| Your objective |
Reproduce the listing word for word, leaving every picture behind.

| Source material |
------

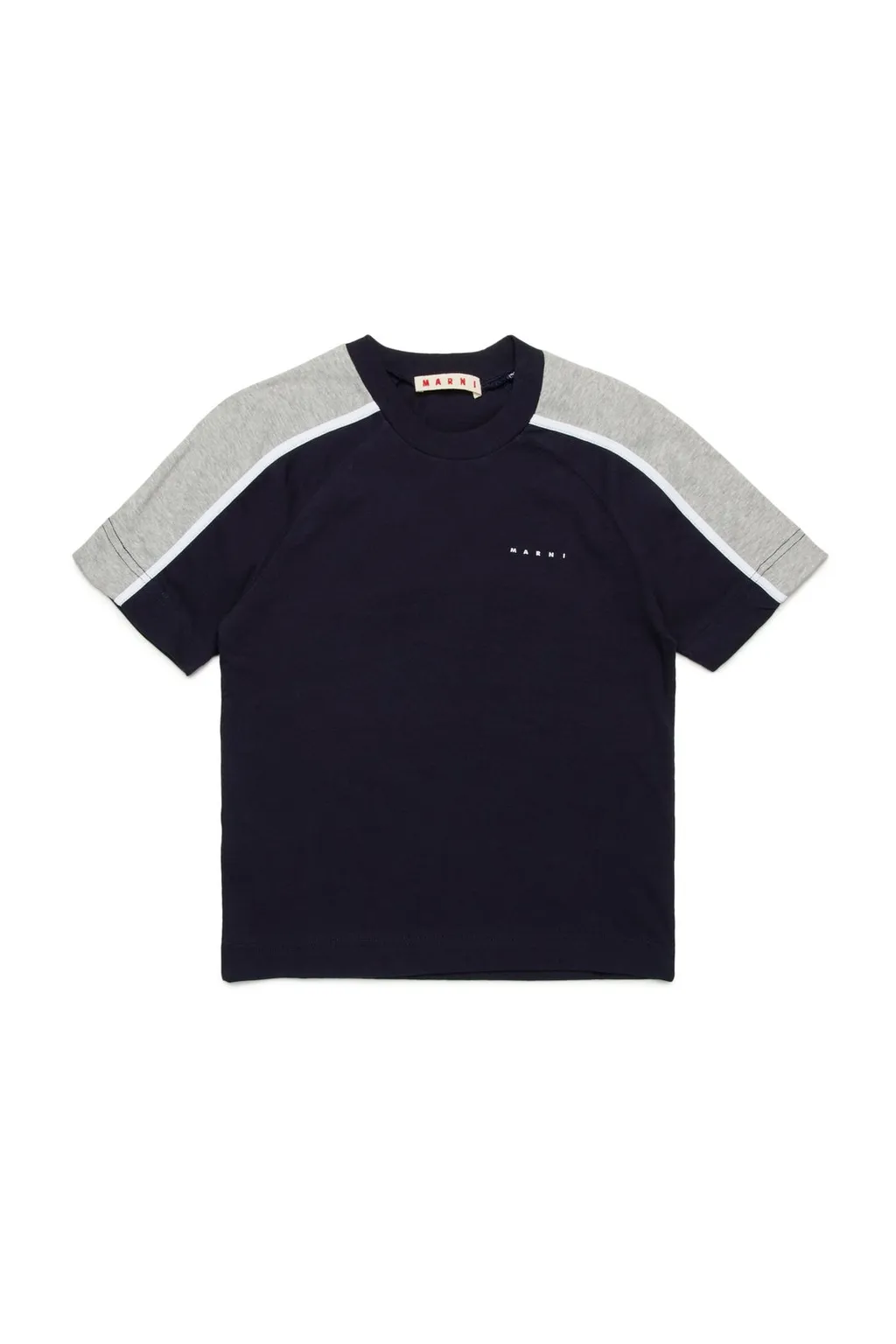 Marni Kids Colorblock Crewneck T-Shirt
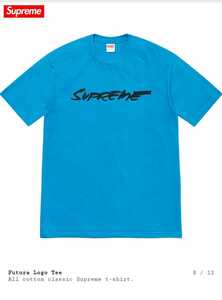 希少カラー 新品 Mサイズ Futura Logo Tee Bright Blue 青 20FW 未使用品 立ち会げ フューチュラ Tシャツ Supreme 20AW 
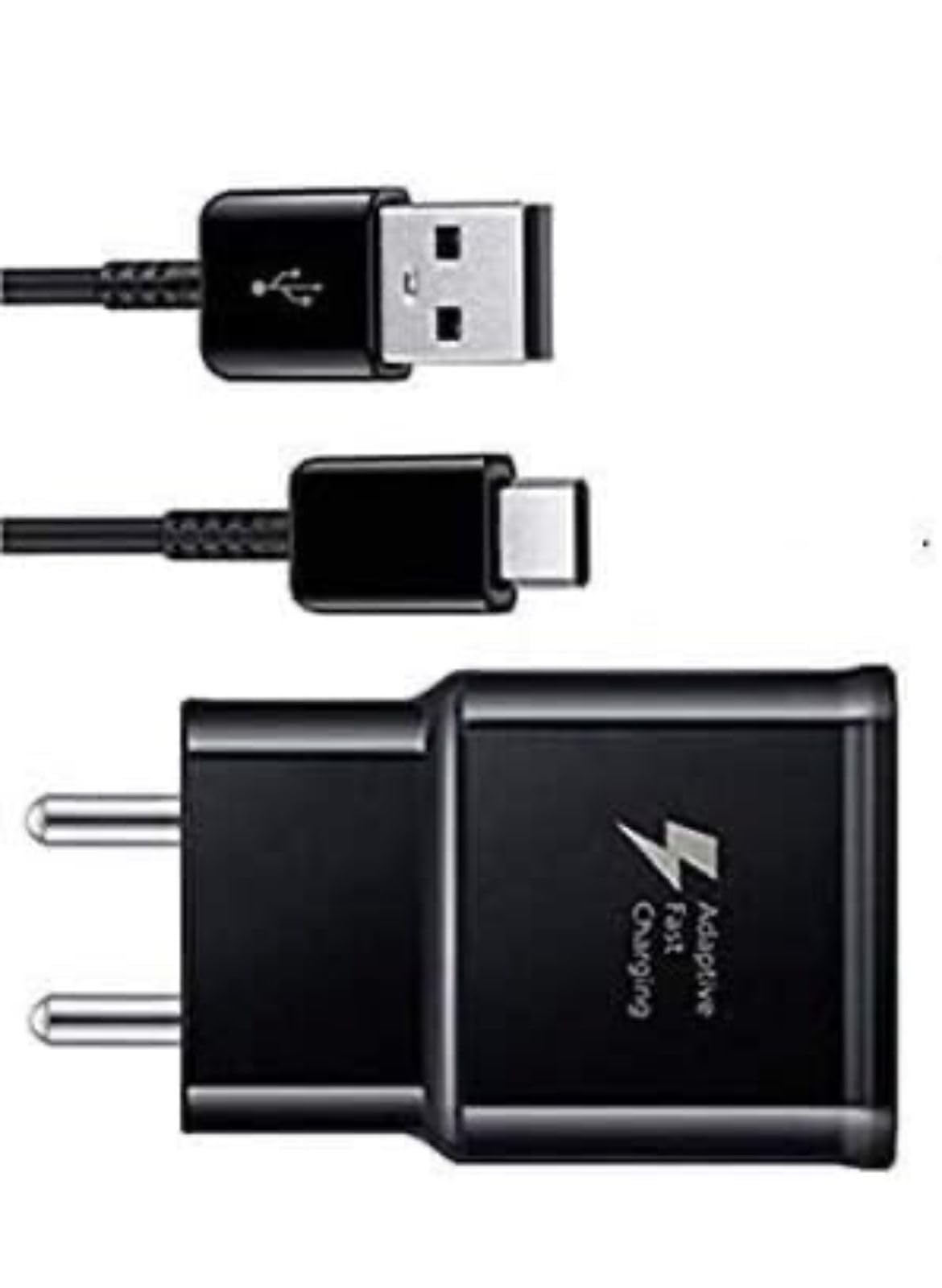Original 18W Fast Type-C Charger Compatible with Samsung Galaxy Charger Original Adapter Wall Charger Mobile Fast Android USB Charger with 1 Meter Type C Charging Cable(Black) (B0CLDWVX9C) Amazon Price History, Amazon Price Tracker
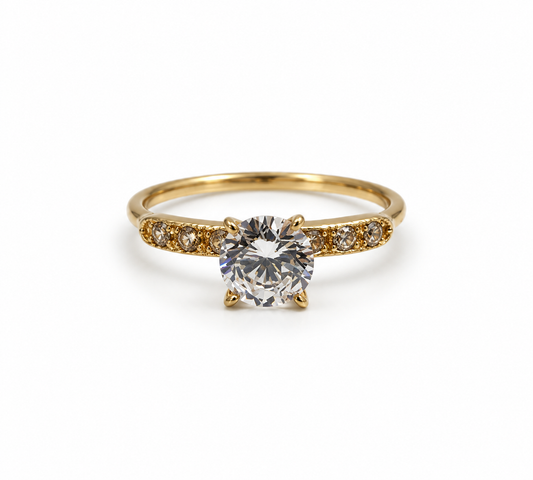 Anillo Compromiso Oro amarillo 18k / Talla 5 1/2 / 1,74 Gr / 6,40 mm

------

| Exercise answer |
 Marni Kids Colorblock Crewneck T-Shirt
 希少カラー 新品 Mサイズ Futura Logo Tee Bright Blue 青 20FW 未使用品 立ち会げ フューチュラ Tシャツ Supreme 20AW 
Original 18W Fast Type-C Charger Compatible with Samsung Galaxy Charger Original Adapter Wall Charger Mobile Fast Android USB Charger with 1 Meter Type C Charging Cable(Black) (B0CLDWVX9C) Amazon Price History, Amazon Price Tracker
 Anillo Compromiso Oro amarillo 18k / Talla 5 1/2 / 1,74 Gr / 6,40 mm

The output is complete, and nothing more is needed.